Even the Desert Sun Editorial Board weighed in: “The City Council acted wisely, we think, the other evening when it voted to deny a permit for… a concert of modern music which could well be another name for a jazz festival. Music may have charms to soothe the savagery in man or beast, as the old saying goes, but it depends upon the music…(it) has been known to do just the opposite.”
“The proposed programs for the entertainment of the vacationing adolescents are fine and they will appeal to the majority of the visitors who are normal youngsters. But these programs will be lost on the very element they are expected to curb, the segment of our visitors which does the damage and creates the disturbances. They are ‘on the loose’ after weeks of regimentation in the classroom and they are here to have fun-fun as they see it. They will not be diverted by any set program. They want to invent their own. A Jazz Festival might stimulate them….”

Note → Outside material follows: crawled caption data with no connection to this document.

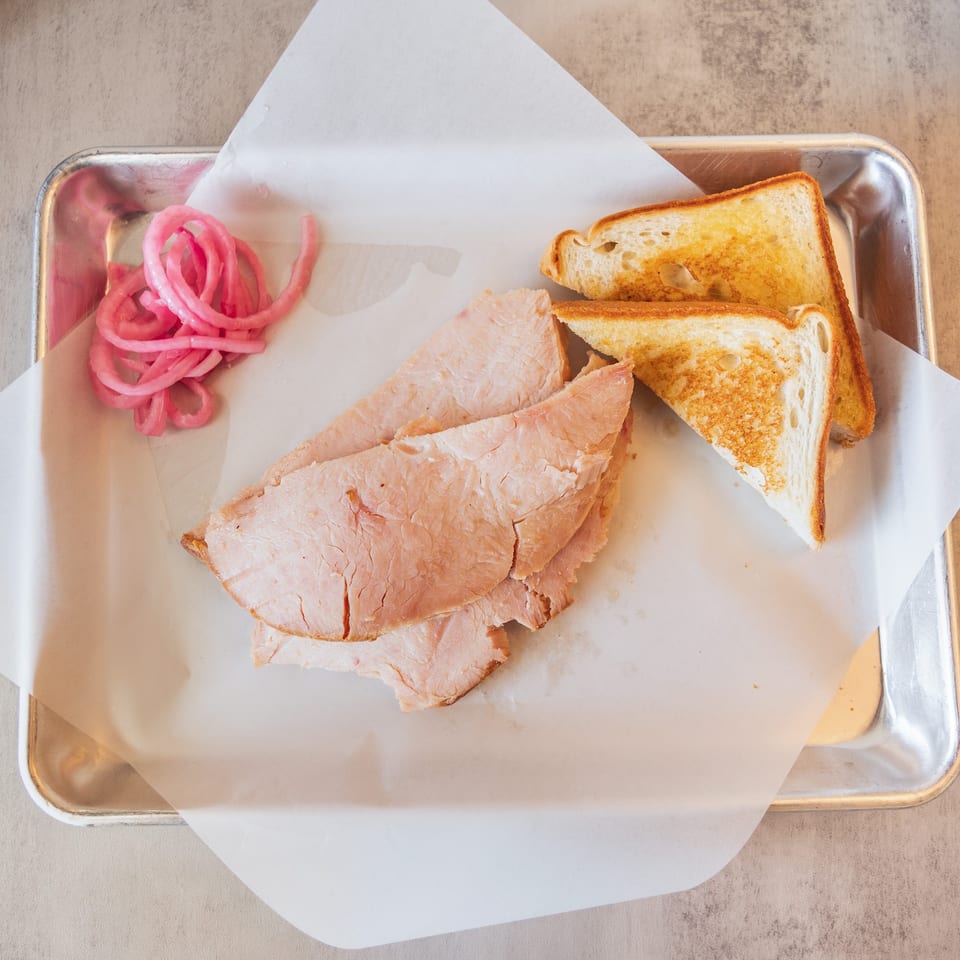 Sliced turkey, toasted bread, and pickled red onions on a metal tray with parchment paper.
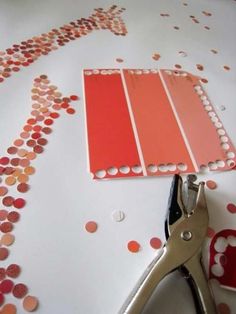 a pair of scissors sitting on top of a table next to some orange and pink paint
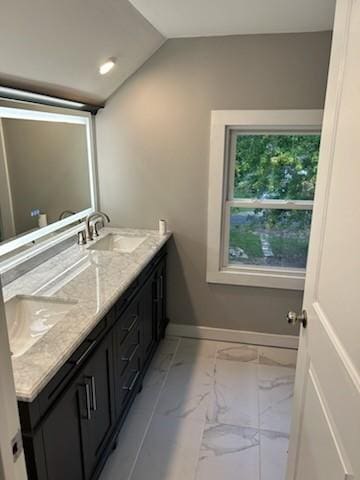 bathroom featuring vanity and vaulted ceiling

And so the notion of a jazz festival in 1958 was nixed. Jazz was thought subversive and scary, despite the Chi Chi regularly featuring swinging jazz musicians like Louis Armstrong, Nat “King” Cole, Ella Fitzgerald, Pearl Bailey, Lena Horne and the rat pack stars like Frank Sinatra, Dean Martin and Sammy Davis, Jr. without any trouble.
Sixty years later, 10-time Grammy winner and Presidential Medal of Freedom recipient, trumpeter Arturo Sandoval blows into town on Nov. 23 for the inaugural Palm Springs International Jazz Festival.
A world-renowned musician like Armstrong before him, Sandoval brings swing.
The rest of the program is just as impressive, with Stacey Kent and her band fresh off a gig at the Blue Note in Japan. Songstress Tierney Sutton, flying home from her nuptials in Paris to be here. And French chanteuse Rene Marie helps the festival live up to its international aspirations. They are backed by John Beasley’s 18-piece big band.
This new jazz festival is reminiscent of other great ideas with humble beginnings like the Palm Springs International Film Festival and Modernism Week. Started by a few visionary locals, those offerings are now synonymous with the town itself and are embraced worldwide.
A jazz festival, an idea started decades ago, will finally come to fruition Nov. 23 and 24 at the Annenberg Theater, not far from where the Chi Chi Starlite Room once showcased jazz legends.